== The task ==
Every line containing the string "фото" is to be copied from the records.

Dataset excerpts
_____

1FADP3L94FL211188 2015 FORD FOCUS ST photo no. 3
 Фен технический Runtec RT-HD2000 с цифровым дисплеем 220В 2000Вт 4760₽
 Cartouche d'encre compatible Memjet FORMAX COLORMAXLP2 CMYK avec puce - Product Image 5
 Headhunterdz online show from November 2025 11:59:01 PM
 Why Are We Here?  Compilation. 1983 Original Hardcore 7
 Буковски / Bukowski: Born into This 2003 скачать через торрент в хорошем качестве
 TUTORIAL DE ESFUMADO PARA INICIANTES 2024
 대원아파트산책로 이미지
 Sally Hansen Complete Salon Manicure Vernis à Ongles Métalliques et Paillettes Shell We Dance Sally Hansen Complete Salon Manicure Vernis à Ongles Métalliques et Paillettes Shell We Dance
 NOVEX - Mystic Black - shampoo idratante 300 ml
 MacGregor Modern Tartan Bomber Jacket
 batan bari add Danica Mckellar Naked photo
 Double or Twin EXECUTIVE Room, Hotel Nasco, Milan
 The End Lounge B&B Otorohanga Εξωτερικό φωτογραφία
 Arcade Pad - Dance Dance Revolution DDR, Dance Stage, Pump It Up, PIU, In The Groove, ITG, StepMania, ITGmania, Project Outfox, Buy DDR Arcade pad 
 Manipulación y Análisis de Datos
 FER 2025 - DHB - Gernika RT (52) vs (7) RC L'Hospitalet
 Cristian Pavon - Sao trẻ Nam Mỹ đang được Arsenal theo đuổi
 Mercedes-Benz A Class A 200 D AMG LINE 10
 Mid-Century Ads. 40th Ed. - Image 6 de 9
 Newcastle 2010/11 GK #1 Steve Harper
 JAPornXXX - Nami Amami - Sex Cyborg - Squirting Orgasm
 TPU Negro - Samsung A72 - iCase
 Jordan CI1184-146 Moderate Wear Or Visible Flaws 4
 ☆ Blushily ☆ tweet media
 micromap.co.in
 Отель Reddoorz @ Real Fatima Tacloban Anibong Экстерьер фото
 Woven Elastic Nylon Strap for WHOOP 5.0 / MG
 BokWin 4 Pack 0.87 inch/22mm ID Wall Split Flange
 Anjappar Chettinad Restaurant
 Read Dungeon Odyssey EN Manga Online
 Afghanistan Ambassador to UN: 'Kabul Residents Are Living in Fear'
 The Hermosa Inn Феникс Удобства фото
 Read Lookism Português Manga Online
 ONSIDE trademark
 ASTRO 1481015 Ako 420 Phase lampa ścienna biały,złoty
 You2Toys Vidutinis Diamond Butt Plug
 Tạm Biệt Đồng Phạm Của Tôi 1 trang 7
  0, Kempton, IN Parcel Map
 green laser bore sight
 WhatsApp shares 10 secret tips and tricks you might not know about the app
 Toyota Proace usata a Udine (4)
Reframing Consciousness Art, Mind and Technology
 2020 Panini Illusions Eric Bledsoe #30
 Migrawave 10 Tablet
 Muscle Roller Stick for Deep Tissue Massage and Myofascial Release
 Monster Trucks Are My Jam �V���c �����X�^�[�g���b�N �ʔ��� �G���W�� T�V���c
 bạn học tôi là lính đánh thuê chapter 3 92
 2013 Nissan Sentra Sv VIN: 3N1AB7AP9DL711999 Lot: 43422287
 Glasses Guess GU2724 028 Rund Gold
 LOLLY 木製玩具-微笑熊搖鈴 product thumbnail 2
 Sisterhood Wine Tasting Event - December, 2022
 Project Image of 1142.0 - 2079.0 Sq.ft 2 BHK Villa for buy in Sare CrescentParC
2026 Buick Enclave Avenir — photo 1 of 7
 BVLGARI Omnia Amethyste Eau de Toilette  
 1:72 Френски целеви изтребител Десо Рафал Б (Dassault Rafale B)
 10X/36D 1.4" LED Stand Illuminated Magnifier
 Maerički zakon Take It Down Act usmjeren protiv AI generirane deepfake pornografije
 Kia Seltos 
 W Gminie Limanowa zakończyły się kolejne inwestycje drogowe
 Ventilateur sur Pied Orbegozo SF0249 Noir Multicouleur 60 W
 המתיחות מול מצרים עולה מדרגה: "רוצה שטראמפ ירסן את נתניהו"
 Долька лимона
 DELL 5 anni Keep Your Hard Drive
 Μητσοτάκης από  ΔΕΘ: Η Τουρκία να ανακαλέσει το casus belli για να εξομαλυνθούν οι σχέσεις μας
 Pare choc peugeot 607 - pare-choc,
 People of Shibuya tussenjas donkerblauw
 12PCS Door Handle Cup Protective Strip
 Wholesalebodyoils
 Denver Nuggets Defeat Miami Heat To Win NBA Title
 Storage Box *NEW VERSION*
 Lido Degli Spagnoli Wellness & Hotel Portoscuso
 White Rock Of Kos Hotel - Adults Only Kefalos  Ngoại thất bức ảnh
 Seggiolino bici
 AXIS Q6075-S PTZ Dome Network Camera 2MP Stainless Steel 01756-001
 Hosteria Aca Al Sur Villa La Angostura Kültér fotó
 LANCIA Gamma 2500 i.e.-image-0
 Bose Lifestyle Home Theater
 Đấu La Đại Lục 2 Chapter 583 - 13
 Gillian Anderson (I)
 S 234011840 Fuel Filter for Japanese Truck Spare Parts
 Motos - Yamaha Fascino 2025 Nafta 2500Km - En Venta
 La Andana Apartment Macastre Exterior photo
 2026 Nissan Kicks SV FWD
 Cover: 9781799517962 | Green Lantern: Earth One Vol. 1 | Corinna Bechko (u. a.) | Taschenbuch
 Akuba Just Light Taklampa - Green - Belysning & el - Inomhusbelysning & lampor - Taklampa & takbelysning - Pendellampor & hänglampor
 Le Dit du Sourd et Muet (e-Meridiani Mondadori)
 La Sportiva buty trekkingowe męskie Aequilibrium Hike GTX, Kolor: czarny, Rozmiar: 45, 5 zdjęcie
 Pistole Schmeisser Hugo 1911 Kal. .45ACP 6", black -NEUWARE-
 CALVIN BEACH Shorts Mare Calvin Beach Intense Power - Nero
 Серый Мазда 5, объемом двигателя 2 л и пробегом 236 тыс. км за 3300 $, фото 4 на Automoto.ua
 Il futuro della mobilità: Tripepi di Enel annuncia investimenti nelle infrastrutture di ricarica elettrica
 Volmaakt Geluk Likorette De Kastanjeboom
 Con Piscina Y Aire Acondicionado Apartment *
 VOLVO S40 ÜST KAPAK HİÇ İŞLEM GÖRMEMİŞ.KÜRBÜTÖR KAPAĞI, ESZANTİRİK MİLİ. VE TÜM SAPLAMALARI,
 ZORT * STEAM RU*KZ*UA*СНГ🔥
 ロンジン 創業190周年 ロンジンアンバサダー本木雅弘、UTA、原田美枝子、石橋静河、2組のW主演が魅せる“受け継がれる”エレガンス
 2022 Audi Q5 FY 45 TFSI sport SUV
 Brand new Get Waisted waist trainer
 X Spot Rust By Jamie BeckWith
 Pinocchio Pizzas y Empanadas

_____

== Reply to the exercise ==
 Отель Reddoorz @ Real Fatima Tacloban Anibong Экстерьер фото
 The Hermosa Inn Феникс Удобства фото
 Серый Мазда 5, объемом двигателя 2 л и пробегом 236 тыс. км за 3300 $, фото 4 на Automoto.ua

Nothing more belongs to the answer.